Conventional operating systems launch and provide services to applications. The app is like a black-box to the OS, and the app provides the UI for getting real work done with the computer.

Are there any operating systems which are the other way around? Where the OS provides the UI for doing useful work with the computer, and applications come in the form of plugins that teach the OS how to do new tricks?

Like, say the OS is geared towards communication, and instead of a third-party application providing an SSH terminal, it provides a plugin of the basic SSH mechanism that the OS can use anywhere. Now the spell-checker can load a dictionary of customer names over a secure channel, because the spell-checker was also a plugin; uncompiled and with lots of meta-data so the OS can interpret it at a higher-level and change the call to load the database.

This is pure curiosity, so it doesn't matter if the OS is commercial, a hobby, or academic research.

A: 

Embedded and appliance system are all tightly coupled systems that mostly describe what you're talking about. I mean things like routers (though there's little UI), phones, cameras, MP3 players, cars, modern fridges, TVs... You name it.

Oli
+1  A: 

The classic example is probably Pick an operating system combined with a database.

For most business tasks where all you are running is an SQL server and an SQL console there isn't much need for a general purpose OS in the way. This is certainly the way people like VMWARE want to go, with the RDBMS talking directly to services offered by the VM and no need for a heavy weight copy of windows server.

Martin Beckett
+1  A: 

Any desktop-like OS (e.g., Mac OS & Windows), does provide a UI in which applications act as plug-ins that provide the OS with new behavior.
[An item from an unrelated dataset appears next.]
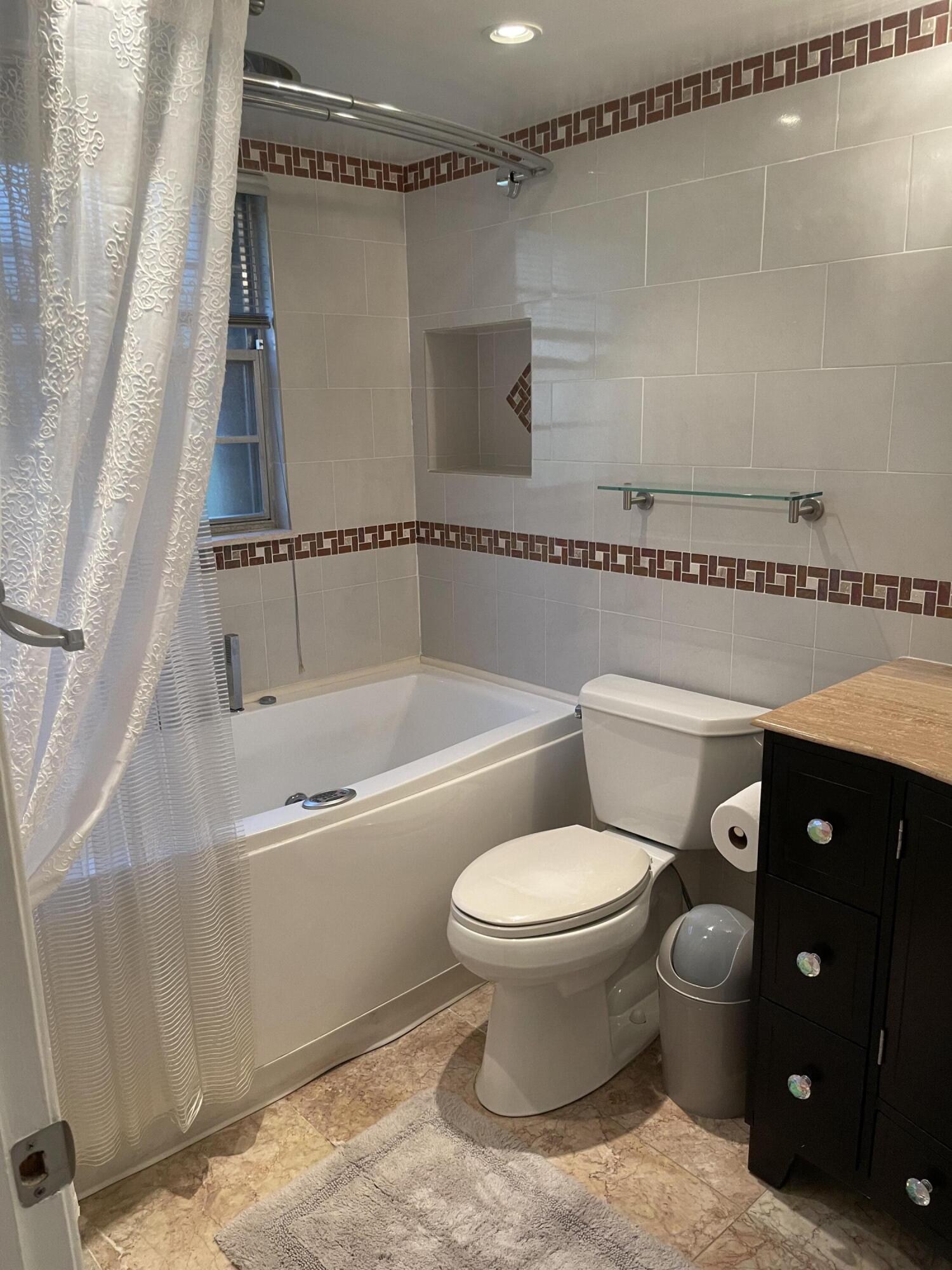 1904 Bermuda Circle, Unit H1 Coconut Creek, FL 33066 - Photo 6 of 72 a bathroom with a toilet a sink and bathtub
I don't see how an OS is going to tell from metadata what the plug-in really wants beyond low-level services and how to go about configuring itself automagically for use with a particular user. Although, a web browser comes closer to this description.

Mark Cidade
Past operating systems of the have had a limited manifestation of the idea. The Amiga had a higher-level concept of data types, so you could teach all apps how to handle JPEG files with a single plugin. OS/2 had the Workplace Shell. But I'm looking for an OS which takes it to the nth degree
C. Lawrence Wenham
+1  A: 

Windows Vista almost had something like this when WinFS was planned to be a part of the OS. With WinFS, you could define different storage types beyond the file and folder types so that any application can share things like contacts, locations, photos, and the relationships between them.